## Work required:
Reproduce the whole listing that follows, exactly as it stands.
====== Given information
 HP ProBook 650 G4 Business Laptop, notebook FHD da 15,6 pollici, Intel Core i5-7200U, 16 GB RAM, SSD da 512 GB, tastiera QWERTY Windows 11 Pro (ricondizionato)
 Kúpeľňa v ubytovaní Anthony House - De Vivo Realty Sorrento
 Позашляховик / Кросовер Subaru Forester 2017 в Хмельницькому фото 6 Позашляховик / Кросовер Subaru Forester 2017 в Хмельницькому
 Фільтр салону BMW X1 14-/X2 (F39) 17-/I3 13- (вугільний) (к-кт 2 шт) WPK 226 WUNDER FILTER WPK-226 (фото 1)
============
## Output below:
 HP ProBook 650 G4 Business Laptop, notebook FHD da 15,6 pollici, Intel Core i5-7200U, 16 GB RAM, SSD da 512 GB, tastiera QWERTY Windows 11 Pro (ricondizionato)
 Kúpeľňa v ubytovaní Anthony House - De Vivo Realty Sorrento
 Позашляховик / Кросовер Subaru Forester 2017 в Хмельницькому фото 6 Позашляховик / Кросовер Subaru Forester 2017 в Хмельницькому
 Фільтр салону BMW X1 14-/X2 (F39) 17-/I3 13- (вугільний) (к-кт 2 шт) WPK 226 WUNDER FILTER WPK-226 (фото 1)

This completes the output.